Response to stimulus is reflected by the gene expression in the liver

The analysis of the 608 genes up-regulated in the liver compared with the HepG2 cell line (Additional file 8: Table S7b) identified 40 enriched GO biological processes (adjP < 0.05, Additional file 9: Table S8c). The highest number of the genes (337/608, 55.3%) belonged to the term “response to stimulus” (GO:0050896, adjP = 4.16E-21). On a lower level, 192 of these genes were associated with “response to chemical stimulus” (GO:0042221, adjP = 4.64E-22), particularly, the 39 genes for “xenobiotic metabolic process” (GO:0009410, adjP = 3.19E-21). The activation of the defense response genes was also observed (99 genes are in GO:0006952, adjP = 9.13E-17).

Another large enriched term was “small molecule metabolic process” (168 genes in GO:0044281, adjP = 5.20E-17), including the 81 genes involved in carboxylic acid metabolism (GO:0019752, adjP = 5.55E-15), particularly monocarboxylic acid metabolism (55 genes, GO:0032787, adjP = 3.98E-16). Carboxylic acid metabolism is activated in response to the need to provide energy for the detoxification processes and secretory activities of the liver (synthesis and secretion of biologically active substances and blood plasma components), and the cell “boosts” its metabolism to synthesize ATP at an increasing rate. Moreover, carboxylic acids are involved in the biosynthesis of cholesterol, 10% of which is produced in the liver as a precursor for the synthesis of bile acids and steroid hormones.

Consistently, processes associated with electron carrier (25 genes, GO:0009055, adjP = 3.16E-09) and oxidoreductase activities (62 genes, GO:0016491, adjP = 1.72E-10), primarily provided through the liver cytochrome system, are predominant. The high excretory-secretory activity in the tested liver tissue cells was mirrored by the increased expression of the extracellular region (179 genes, GO:0005576, adjP = 2.35E-33) and extracellular matrix (48 genes, GO:0031012, adjP = 3.14E-12) genes. Activation of these genes is primarily caused by the expression of the cell surface receptors, the production of blood plasma components, the complement system and interleukins. Furthermore, the enrichment of collagen synthesis (21 genes, GO:0005581, adjP = 3.15E-11) is a logical consequence of hepatocyte physiology.

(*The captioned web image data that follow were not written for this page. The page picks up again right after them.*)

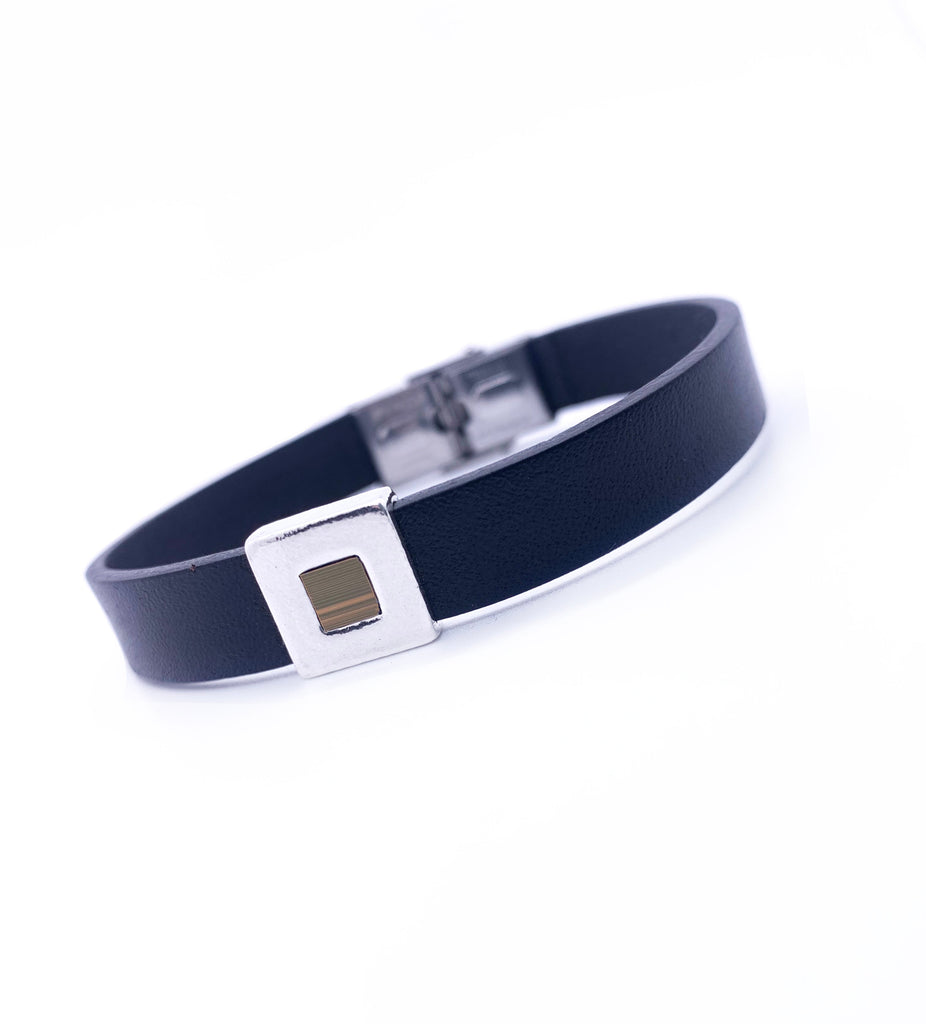 Black Silicon Waterproof Bracelet - Nano Bible New Testament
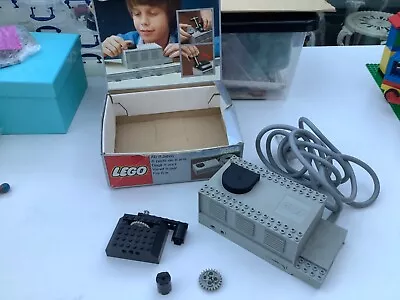 Buy Vintage Lego 7864 12v Trains Transformer Controller Original Box • 18£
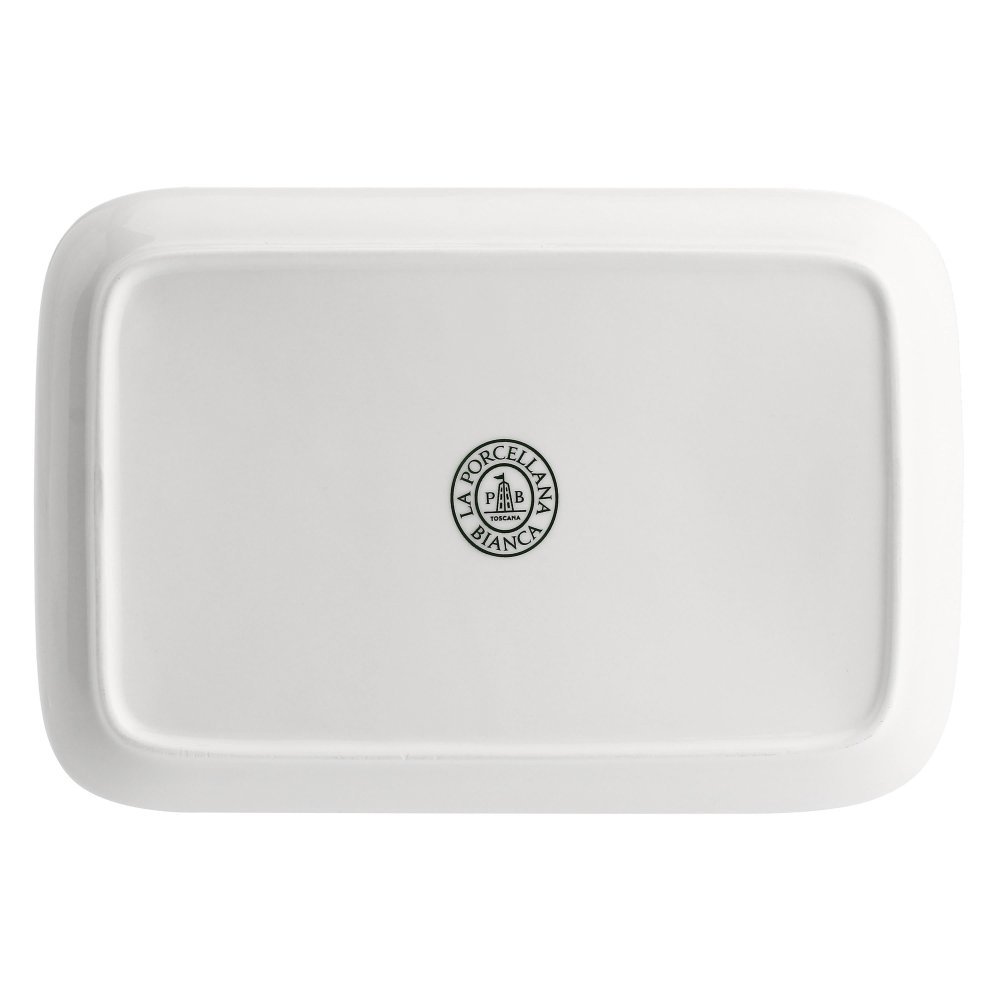 Rituali Domestici - Piatto Rettangolare - Porcellana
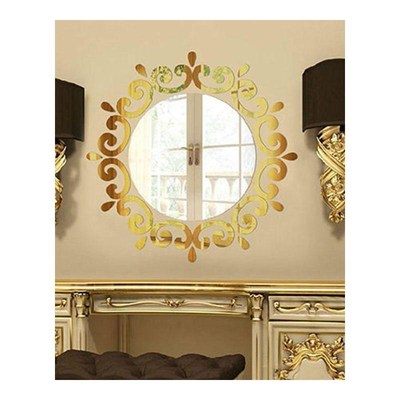 Acrylic Decal Mirror Light-Decor Wall-Sticker Dropship Can A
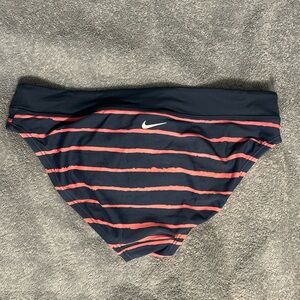 Nike gray and Pink Bikini Bottom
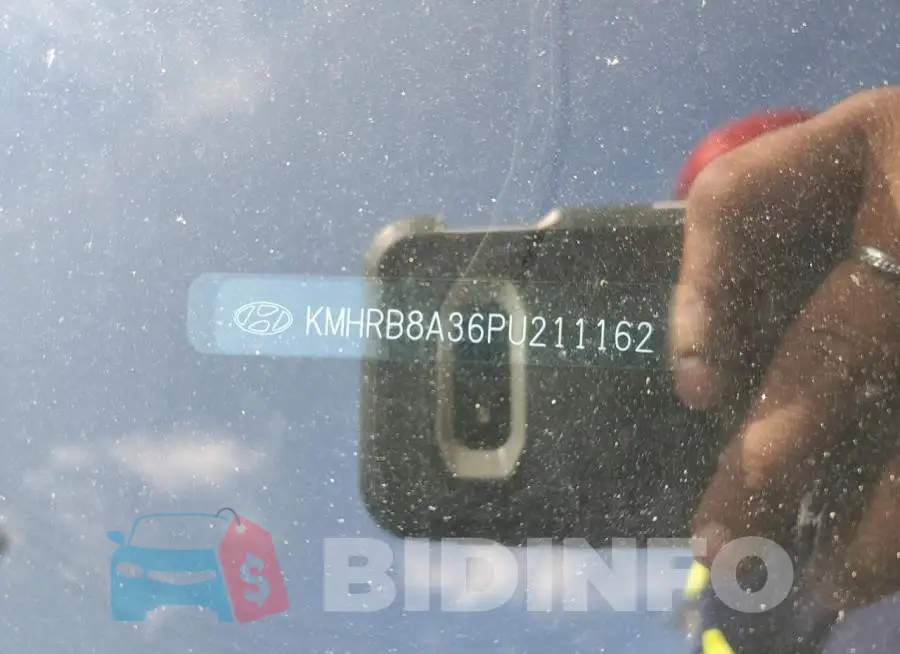 KMHRB8A36PU211162 Photo# 13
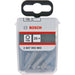 T40 25mm Torx bitovi u Tic Tac pakovanju 25kom Extra Hard Bosch - 2607002802
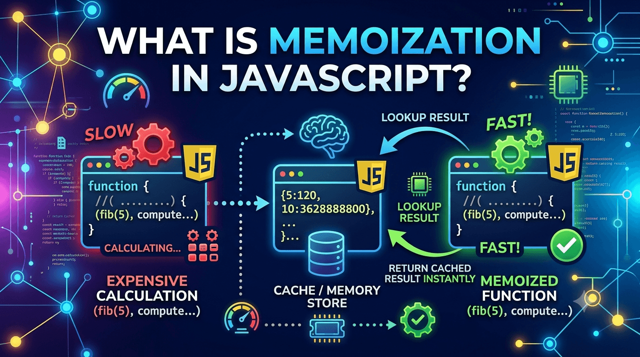 What is Memoization in JavaScript? Improve Performance with Caching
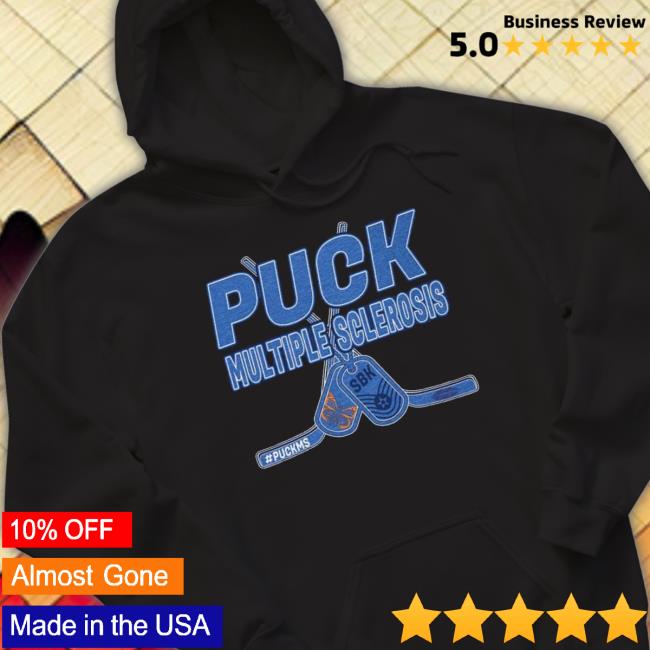 Tampa Bay Lightning 2023 Puck Multiple Sclerosis tee shirt Tampa Bay Lightning 2023 Puck Multiple Sclerosis shirt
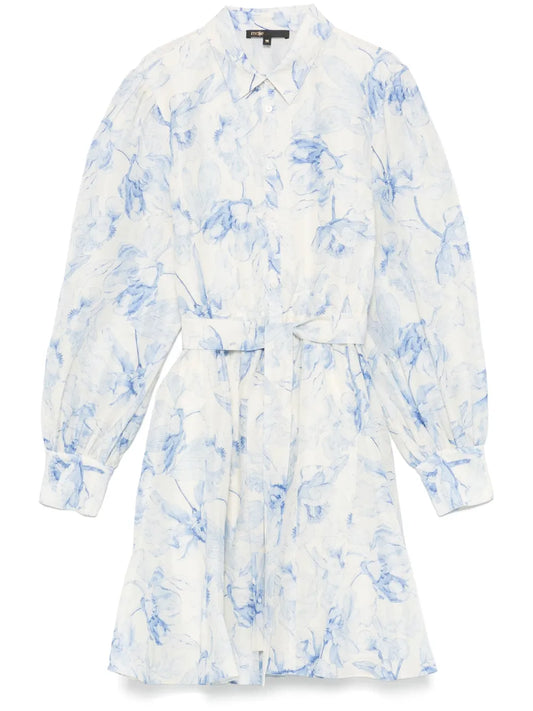 Floral Mini Dress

Consistent with the results obtained for the GO terms, the 10 most enriched KEGG pathways (each of which had adjP ≤ 1E-11) included “Drug metabolism - cytochrome P450”, “Metabolism of xenobiotics by cytochrome P450” and “Drug metabolism - other enzymes” (Additional file 9: Table S8d). Moreover, the increased expression of the genes involved in the “Retinol metabolism” pathway is consistent with the breakdown of dietary vitamin A (all-trans-retinol) in the small intestine and the release of retinol. Retinol is transported to the liver in the form of chylomicrons where it is converted into retinyl esters that are accumulated in liver cells [11].

Among other KEGG pathways, the observed enrichment of the “Steroid hormone biosynthesis” pathway primarily reflects the presence of enzymes responsible for steroid and bilirubin inactivation, another physiological function of the liver. The cholesterol synthesis enzymes were also up-regulated. The up-regulation of the “Complement and coagulation cascades” pathway also reflects the physiological function of the liver, involving the synthesis and secretion (excretion) of essential plasma proteins, including the complement system and clotting factors.


Transcriptomic profiling based on high-throughput sequencing (RNA-Seq) facilitates the analysis of gene expression at an unprecedented high dynamic range. Global initiatives, including ENCODE, have provided an extensive inventory of human tissues and helped to identify differentially expressed genes with subsequent applicability in clinical practice. We applied RNA-Seq using a SOLiD 4 platform for deep transcriptomic profiling of HepG2 cells, a widely used laboratory cell line. A large amount of transcriptomic data for HepG2 cells is available, and most of these data have been generated using RNA hybridization microarrays. Recently, HepG2 transcriptomes have been examined using high-throughput sequencing on the Illumina [8, 9] and SOLiD [6, 7] platforms. The experiments described herein were performed on a single platform (SOLiD 4) using the same sequence format to eliminate the choice of platform as a confounding factor and focus on the influence of the other experimental factors for the evaluation of the HepG2 transcriptome and the determination of transcriptomic differences between the liver and HepG2 cells as a model system for this organ.

A comparison of the transcriptomic data obtained using the same sequencing platform revealed that the sample and sequencing library preparation protocol, not the “laboratory effect” as expected, had the highest contribution to the HepG2 gene signature. The minor differences in the expression profiles between the laboratories (HI vs. HR_m) likely reflect fluctuations in HepG2 cell metabolism between the two cultivation rounds and the RNA extraction. Given the high fraction of snoRNAs among the differentially expressed genes, the fact that differential RNA-Seq analysis is inherently biased against profiling of short genes [12] could also contribute to these differences; however, the RPKM values for these snoRNA genes were not outlying (Additional file 10: Figure S2). In contrast, the differences between the preparation methods (HR_m vs. HR_c) were much larger than those between the laboratories: 3,252 differentially expressed genes were identified. However, the analysis of this group of genes did not reveal any biological relevance, consistent with the idea that the source of the variation was primarily technical and associated with the differences in the protocols’ steps (see Additional file 2: Table S2). Notably, the workflow of sample preparation method C is similar to the method used for microarrays, potentially accounting for the lower correlation between RNA-Seq using method M and microarrays than between method C and microarrays. Our analysis was limited to examining two protocols in one laboratory and one of the protocols in another laboratory. Obviously, a comparison of a greater number of protocols in each of a greater number of laboratories is needed to clarify the observed effects of these experimental factors. Without denying the existence of protocols that do produce highly similar results, we would like to emphasize that the significant differences observed between the two established methods point out the need for a careful planning of sample preparation in RNA-Seq experiments.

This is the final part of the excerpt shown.